What this task involves
Please restate the entries below word for word, leaving out any pictures.

Material for this exercise
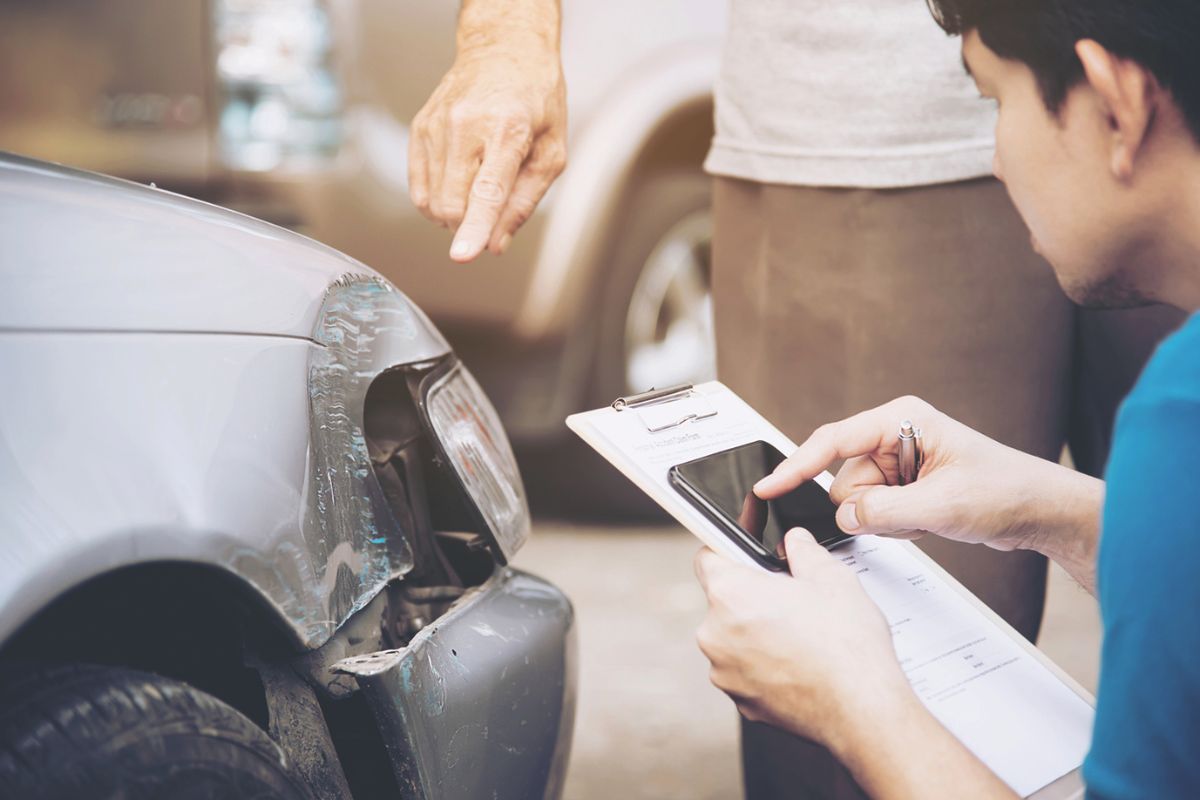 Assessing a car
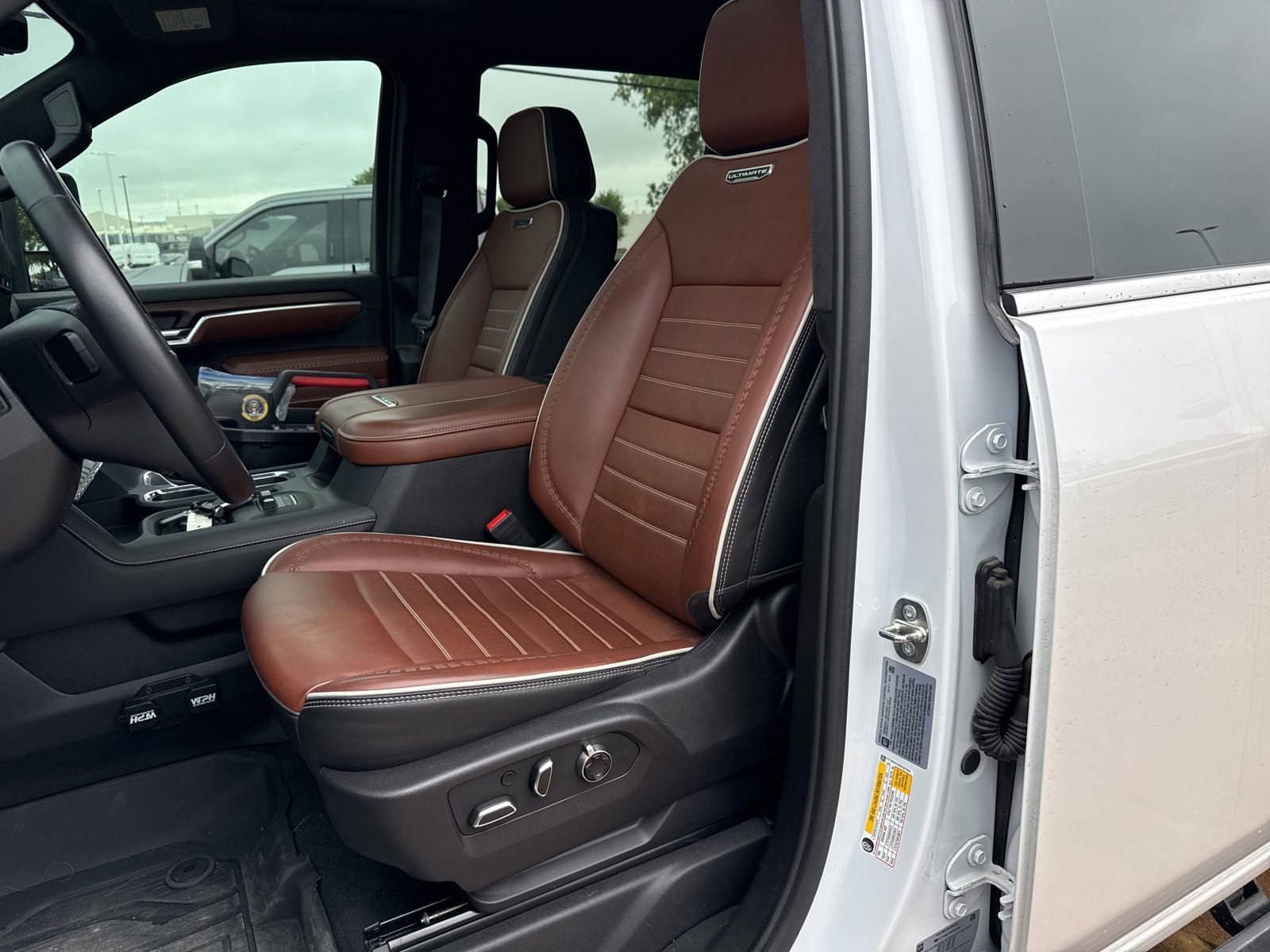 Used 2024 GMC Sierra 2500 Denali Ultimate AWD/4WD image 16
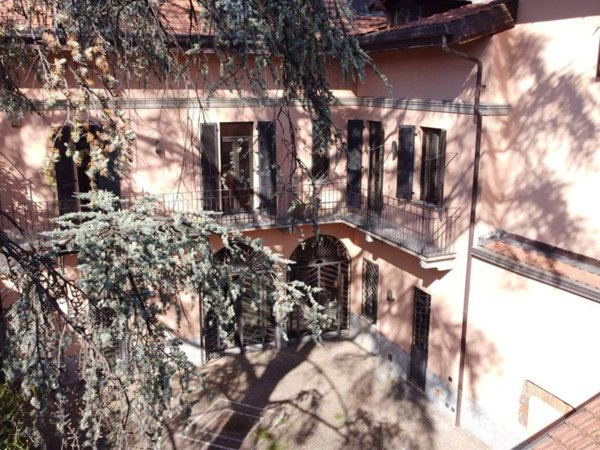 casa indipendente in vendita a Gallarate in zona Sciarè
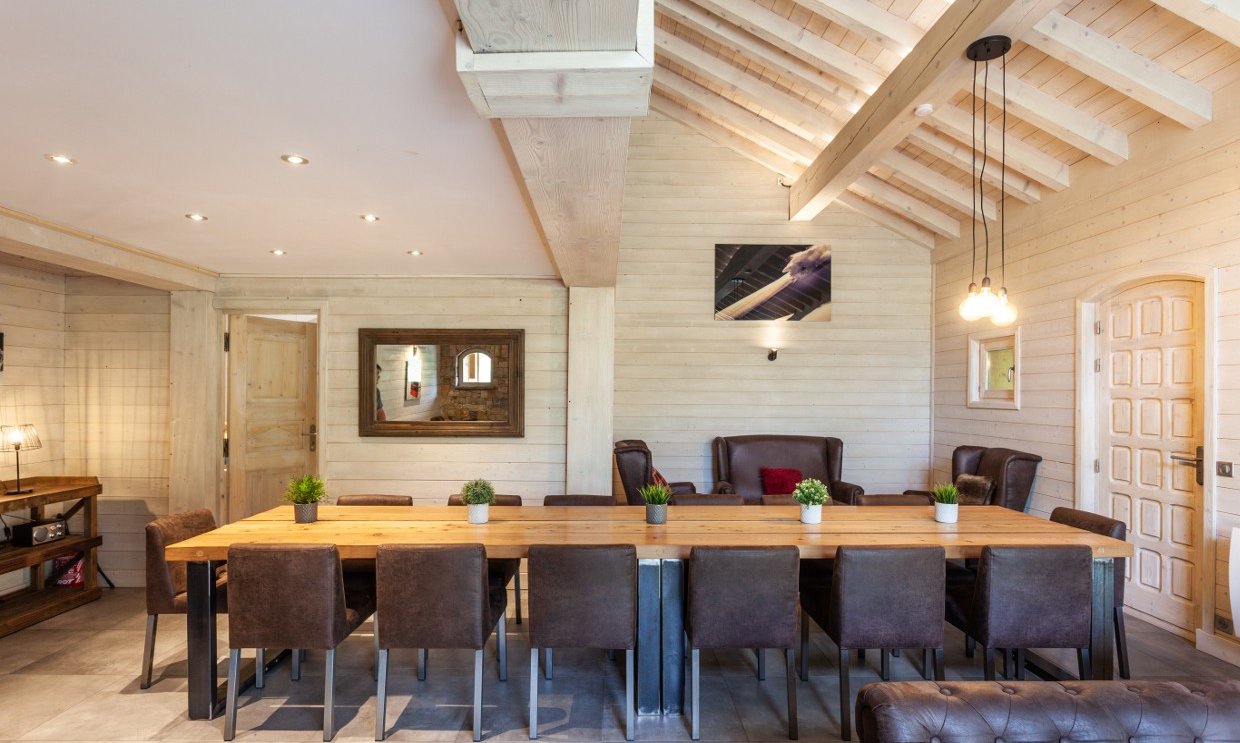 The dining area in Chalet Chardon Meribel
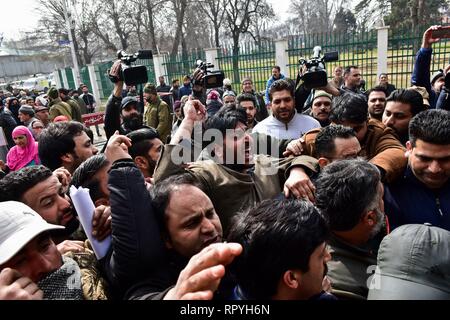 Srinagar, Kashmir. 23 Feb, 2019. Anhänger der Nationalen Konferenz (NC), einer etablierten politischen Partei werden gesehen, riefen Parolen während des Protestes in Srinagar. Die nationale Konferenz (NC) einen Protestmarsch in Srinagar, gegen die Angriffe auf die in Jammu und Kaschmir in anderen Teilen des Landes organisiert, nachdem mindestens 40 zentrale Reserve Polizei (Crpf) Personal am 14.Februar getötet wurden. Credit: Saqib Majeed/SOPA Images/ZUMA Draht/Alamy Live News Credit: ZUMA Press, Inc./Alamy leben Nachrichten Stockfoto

Your response
 Assessing a car
 Used 2024 GMC Sierra 2500 Denali Ultimate AWD/4WD image 16
 casa indipendente in vendita a Gallarate in zona Sciarè
 The dining area in Chalet Chardon Meribel
 Srinagar, Kashmir. 23 Feb, 2019. Anhänger der Nationalen Konferenz (NC), einer etablierten politischen Partei werden gesehen, riefen Parolen während des Protestes in Srinagar. Die nationale Konferenz (NC) einen Protestmarsch in Srinagar, gegen die Angriffe auf die in Jammu und Kaschmir in anderen Teilen des Landes organisiert, nachdem mindestens 40 zentrale Reserve Polizei (Crpf) Personal am 14.Februar getötet wurden. Credit: Saqib Majeed/SOPA Images/ZUMA Draht/Alamy Live News Credit: ZUMA Press, Inc./Alamy leben Nachrichten Stockfoto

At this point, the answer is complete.